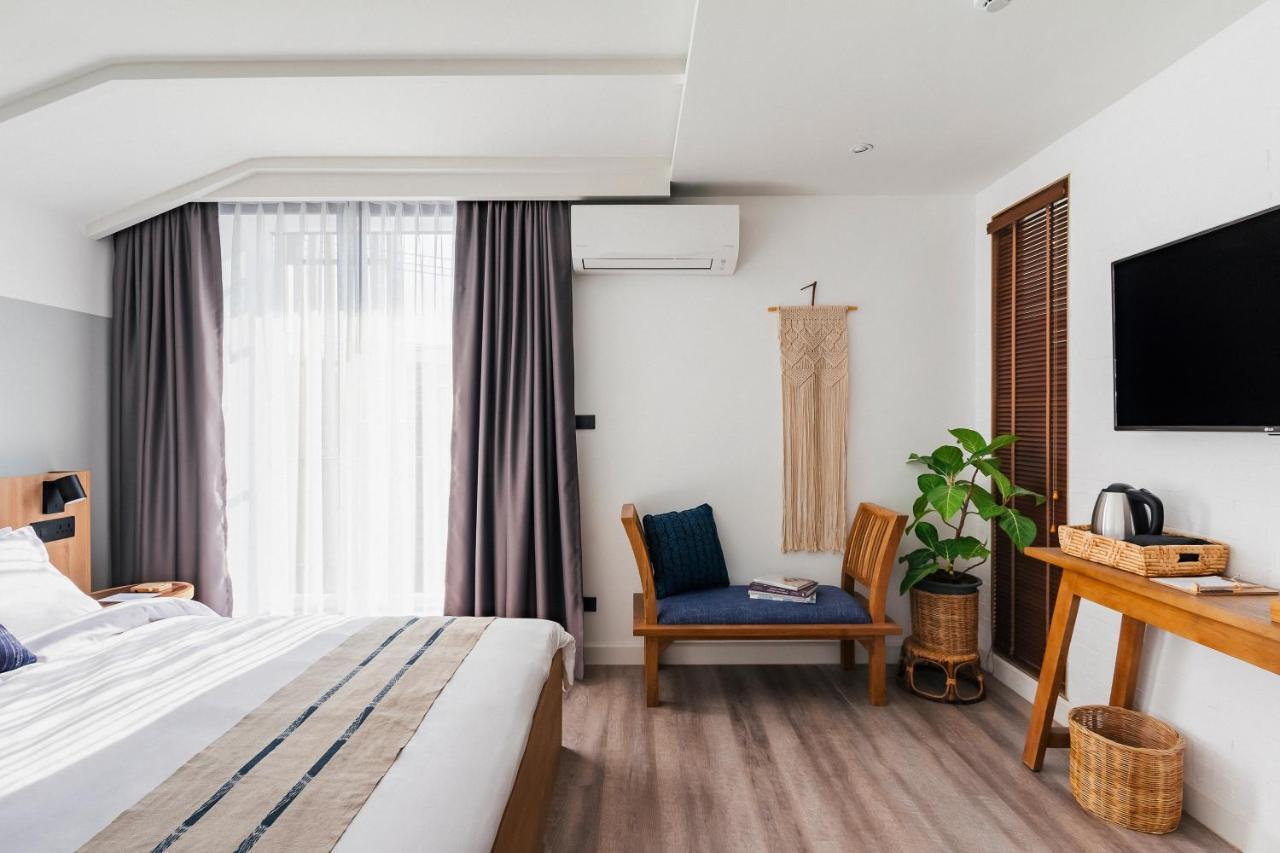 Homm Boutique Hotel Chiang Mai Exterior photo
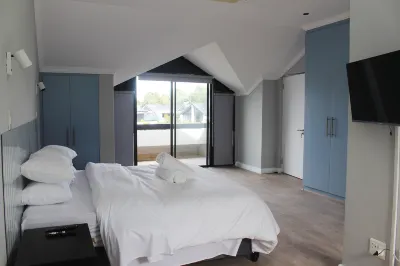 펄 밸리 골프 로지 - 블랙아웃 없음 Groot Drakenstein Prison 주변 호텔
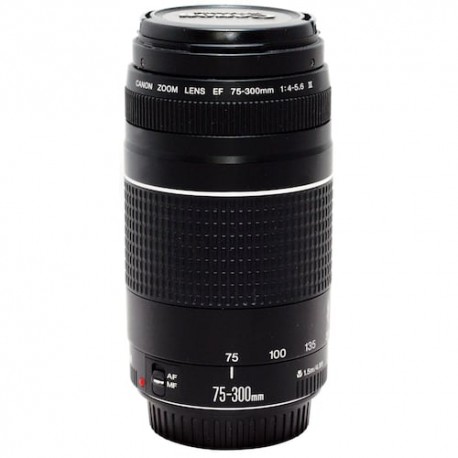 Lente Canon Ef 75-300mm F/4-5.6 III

----

An exact repetition of the listing is needed, with the pictures dropped.

 Homm Boutique Hotel Chiang Mai Exterior photo
 펄 밸리 골프 로지 - 블랙아웃 없음 Groot Drakenstein Prison 주변 호텔
 Lente Canon Ef 75-300mm F/4-5.6 III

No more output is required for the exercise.